[Opening Information provided section]

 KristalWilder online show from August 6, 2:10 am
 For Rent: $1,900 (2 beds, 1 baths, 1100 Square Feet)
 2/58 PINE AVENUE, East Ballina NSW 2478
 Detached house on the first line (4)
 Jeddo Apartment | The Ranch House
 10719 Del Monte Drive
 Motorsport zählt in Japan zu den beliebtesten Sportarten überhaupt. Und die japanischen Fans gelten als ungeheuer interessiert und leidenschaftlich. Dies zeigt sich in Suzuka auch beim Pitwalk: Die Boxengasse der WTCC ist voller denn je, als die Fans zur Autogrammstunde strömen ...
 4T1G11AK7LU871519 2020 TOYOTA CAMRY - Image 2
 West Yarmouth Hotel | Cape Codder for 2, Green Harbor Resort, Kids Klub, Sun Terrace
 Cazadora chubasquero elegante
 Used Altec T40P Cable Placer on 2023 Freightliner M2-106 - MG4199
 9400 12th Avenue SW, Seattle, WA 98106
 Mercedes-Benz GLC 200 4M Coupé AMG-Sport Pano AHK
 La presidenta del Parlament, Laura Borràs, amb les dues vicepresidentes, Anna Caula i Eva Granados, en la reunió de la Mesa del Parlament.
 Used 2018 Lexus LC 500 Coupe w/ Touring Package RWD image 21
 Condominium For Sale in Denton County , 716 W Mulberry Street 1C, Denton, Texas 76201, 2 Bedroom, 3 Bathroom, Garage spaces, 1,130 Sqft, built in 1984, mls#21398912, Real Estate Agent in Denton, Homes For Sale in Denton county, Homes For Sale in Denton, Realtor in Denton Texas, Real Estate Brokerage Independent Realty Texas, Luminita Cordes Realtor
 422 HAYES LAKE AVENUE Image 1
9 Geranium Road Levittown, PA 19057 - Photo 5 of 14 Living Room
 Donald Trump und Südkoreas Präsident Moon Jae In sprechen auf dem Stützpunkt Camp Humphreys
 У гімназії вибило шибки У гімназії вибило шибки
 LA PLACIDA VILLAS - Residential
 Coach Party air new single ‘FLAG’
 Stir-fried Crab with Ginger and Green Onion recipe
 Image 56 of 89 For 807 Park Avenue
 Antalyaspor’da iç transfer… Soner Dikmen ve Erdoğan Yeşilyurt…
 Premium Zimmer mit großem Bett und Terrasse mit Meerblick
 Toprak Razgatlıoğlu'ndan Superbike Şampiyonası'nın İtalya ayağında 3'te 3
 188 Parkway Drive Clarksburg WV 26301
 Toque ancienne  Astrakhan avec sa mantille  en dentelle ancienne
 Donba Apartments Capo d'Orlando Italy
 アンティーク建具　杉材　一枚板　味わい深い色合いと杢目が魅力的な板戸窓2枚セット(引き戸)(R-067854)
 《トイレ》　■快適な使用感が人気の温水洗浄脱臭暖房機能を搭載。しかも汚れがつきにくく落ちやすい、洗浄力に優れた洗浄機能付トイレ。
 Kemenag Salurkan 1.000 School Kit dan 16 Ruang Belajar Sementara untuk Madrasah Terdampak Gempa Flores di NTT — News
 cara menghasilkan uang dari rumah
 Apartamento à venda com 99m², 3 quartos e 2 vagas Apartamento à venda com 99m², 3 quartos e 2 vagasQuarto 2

[Closing Information provided section]

- **Directions**:
Write out exactly the lines above from the line with "Detached house on the first line (4)" through the line with "10719 Del Monte Drive", both of them included, and leave out all other lines.

- **Solution**:
 Detached house on the first line (4)
 Jeddo Apartment | The Ranch House
 10719 Del Monte Drive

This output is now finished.